The killer (who has been arrested) appears to be a far-right German extremist. As we endure yet another act of horrific violence in our holy places, it has become all the more imperative that we mobilize together to figure out how to stop this. What policies, what practices, what interventions can keep the Jewish community safe -- in Germany, in America, and around the world?
On that score, here are a few things we will not be considering -- and thankfully so:
- We will not suggest that the solution lies in a complete and total shutdown on Germans entering the United States, or efforts to restrict German or European migration more broadly;
- We will not suggest that this is the inevitable byproduct of Europe being "overrun" by European men;
- We will not insist on crackdowns or government surveillance targeting White, European men writ large;
- We will not -- despite a ton of history to draw upon -- suggest that attempted mass murders of Jews simply is the full and faithful expression of authentic German-ness, European-ness, or Christianity.
We understand that such inquiries are ludicrously overbroad -- and more than that, would interfere with the real political and social alterations necessary to tackle the sort of violent antisemitic extremism embodied in this attack.
That is a lesson.
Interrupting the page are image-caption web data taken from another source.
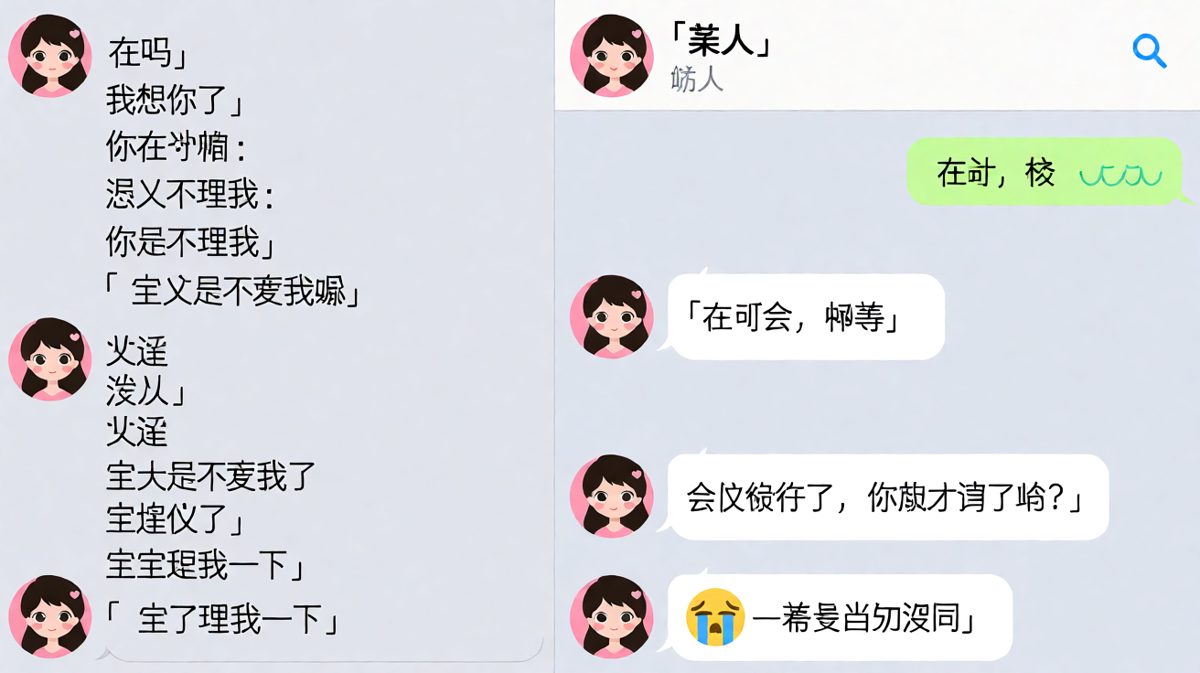 长篇相思告白，换来一句「说了啥」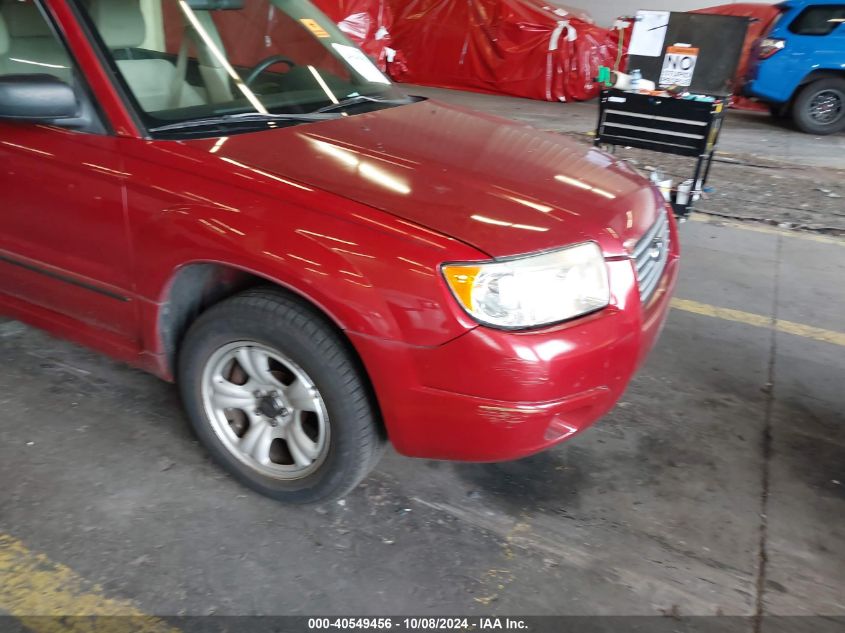 2006 Subaru Forester 2.5X VIN: JF1SG63666H722225 Lot: 40549456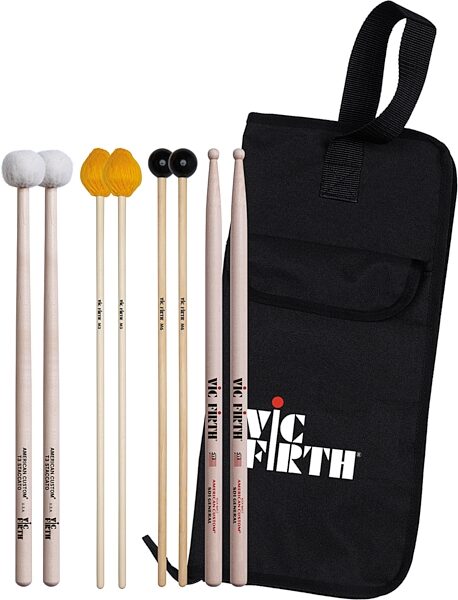 Vic Firth Intermediate Education Pack, New, Action Position Back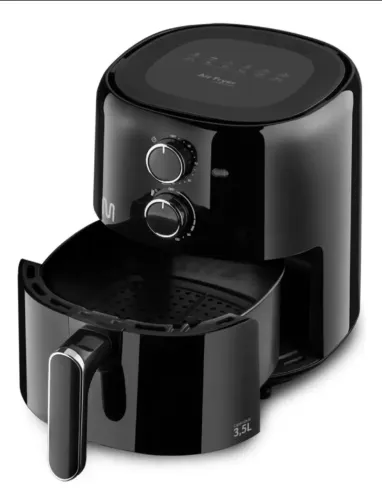 Fritadeira elétrica Air Fry multi home 3,5 litros  digital 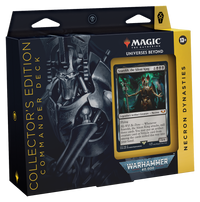 Warhammer 40,000 - Commander Deck (Necron Dynasties - Collector's Edition)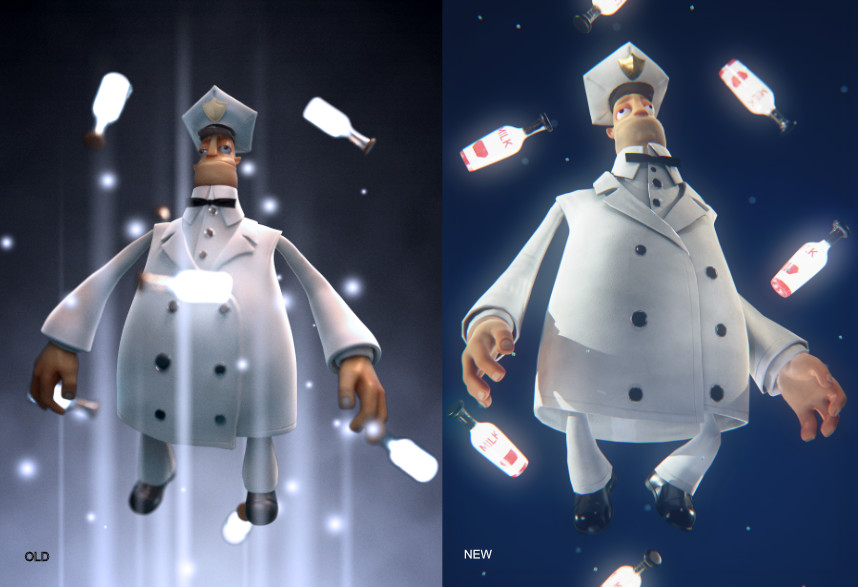 i am the milkman my milk is delicious Blank Meme Template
It is a lesson that goes hand in hand with taking seriously -- deadly seriously -- the ideologies and hatefulness that produces violent antisemitism, no matter where it comes from. Tackling these awful ideologies -- whether they arise from the left or the right, from Islam or Christianity or some mutant form of neo-paganism, from elites or from the disaffected -- can and must be done. Antisemitic or otherwise bigoted ideologies can stem from all these sources, and they cannot go unchallenged. Things have gotten too serious to ignore them.
But let's be clear: doing it seriously means avoiding profoundly unserious modes of explanation or critique. Sweeping dismissals of entire cultural, religious, or ethnic groups? That's not serious. That is the act of someone who, fundamentally, does not take this threat seriously.
We all intuitively know that in the case of the Halle shooting. But it is a lesson worth internalizing across the board.